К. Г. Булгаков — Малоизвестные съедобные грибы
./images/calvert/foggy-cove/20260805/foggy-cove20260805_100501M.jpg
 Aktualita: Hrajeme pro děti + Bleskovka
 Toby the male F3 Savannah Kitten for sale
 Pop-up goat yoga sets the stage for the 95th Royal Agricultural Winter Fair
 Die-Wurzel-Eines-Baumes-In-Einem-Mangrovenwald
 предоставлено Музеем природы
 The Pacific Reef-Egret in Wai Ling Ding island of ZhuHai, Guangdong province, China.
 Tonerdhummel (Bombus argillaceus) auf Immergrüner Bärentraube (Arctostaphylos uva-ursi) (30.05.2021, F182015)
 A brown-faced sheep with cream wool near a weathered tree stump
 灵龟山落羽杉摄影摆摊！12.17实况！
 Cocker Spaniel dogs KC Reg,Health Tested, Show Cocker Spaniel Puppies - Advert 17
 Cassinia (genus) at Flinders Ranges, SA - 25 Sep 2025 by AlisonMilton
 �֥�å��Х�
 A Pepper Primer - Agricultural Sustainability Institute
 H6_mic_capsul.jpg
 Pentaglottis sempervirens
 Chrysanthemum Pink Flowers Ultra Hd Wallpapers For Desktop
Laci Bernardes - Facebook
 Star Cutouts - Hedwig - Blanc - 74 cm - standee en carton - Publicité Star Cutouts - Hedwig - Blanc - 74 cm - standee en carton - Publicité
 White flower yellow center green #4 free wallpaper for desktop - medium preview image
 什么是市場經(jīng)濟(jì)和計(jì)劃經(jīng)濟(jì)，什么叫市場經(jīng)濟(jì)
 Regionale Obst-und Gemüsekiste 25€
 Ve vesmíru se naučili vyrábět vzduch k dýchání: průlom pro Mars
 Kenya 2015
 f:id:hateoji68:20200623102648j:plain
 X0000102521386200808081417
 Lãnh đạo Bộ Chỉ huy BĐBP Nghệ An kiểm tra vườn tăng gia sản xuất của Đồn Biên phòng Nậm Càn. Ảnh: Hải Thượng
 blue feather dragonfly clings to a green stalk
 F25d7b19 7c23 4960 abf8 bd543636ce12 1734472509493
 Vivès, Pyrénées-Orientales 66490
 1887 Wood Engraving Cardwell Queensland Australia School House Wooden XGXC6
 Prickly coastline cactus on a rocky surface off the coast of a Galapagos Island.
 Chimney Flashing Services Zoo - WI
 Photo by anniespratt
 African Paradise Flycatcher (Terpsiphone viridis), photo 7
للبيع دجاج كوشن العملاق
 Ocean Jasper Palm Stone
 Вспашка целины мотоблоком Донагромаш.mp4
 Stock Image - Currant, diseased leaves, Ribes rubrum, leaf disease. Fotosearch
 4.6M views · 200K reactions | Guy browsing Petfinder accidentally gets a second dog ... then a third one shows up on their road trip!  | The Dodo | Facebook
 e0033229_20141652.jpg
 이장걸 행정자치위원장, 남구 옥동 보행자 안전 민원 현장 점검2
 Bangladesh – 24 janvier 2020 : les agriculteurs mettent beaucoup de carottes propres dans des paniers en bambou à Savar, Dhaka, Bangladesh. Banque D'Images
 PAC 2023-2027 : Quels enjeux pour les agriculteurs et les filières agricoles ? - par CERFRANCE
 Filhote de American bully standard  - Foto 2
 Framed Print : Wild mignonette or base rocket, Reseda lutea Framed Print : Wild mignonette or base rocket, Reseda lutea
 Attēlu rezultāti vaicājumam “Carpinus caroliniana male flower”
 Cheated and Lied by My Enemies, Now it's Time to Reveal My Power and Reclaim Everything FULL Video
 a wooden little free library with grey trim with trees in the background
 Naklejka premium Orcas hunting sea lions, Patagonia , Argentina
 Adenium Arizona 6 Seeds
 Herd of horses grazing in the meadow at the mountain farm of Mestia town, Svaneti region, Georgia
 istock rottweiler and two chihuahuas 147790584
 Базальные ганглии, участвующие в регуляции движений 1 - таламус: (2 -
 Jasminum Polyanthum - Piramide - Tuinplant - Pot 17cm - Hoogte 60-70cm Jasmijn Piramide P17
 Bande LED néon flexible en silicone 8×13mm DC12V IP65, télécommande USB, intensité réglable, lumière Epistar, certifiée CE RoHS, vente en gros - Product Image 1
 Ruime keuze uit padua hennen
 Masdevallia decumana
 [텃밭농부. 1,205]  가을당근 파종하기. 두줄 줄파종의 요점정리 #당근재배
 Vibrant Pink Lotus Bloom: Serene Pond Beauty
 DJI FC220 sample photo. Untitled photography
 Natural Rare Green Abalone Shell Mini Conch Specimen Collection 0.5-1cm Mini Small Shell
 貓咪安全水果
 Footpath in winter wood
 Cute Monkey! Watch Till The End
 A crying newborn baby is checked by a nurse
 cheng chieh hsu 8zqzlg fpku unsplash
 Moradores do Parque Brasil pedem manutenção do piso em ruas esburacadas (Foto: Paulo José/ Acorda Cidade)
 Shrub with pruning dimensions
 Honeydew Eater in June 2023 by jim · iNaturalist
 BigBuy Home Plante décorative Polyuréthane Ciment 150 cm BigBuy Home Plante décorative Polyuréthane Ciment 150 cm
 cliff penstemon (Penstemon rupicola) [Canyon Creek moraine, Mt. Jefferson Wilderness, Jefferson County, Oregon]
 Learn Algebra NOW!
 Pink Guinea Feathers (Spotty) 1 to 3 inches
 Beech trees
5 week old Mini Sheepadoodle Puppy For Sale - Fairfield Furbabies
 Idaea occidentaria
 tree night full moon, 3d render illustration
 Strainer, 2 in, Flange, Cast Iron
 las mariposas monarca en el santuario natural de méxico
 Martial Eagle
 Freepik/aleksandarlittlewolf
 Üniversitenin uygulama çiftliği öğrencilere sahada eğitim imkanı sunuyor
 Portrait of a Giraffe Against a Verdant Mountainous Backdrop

▶ [What is needed]: Take the line with "Idaea occidentaria" and all lines after it through the end of the records, and write them out exactly; include nothing else.

▶ [Solution to the problem]:
 Idaea occidentaria
 tree night full moon, 3d render illustration
 Strainer, 2 in, Flange, Cast Iron
 las mariposas monarca en el santuario natural de méxico
 Martial Eagle
 Freepik/aleksandarlittlewolf
 Üniversitenin uygulama çiftliği öğrencilere sahada eğitim imkanı sunuyor
 Portrait of a Giraffe Against a Verdant Mountainous Backdrop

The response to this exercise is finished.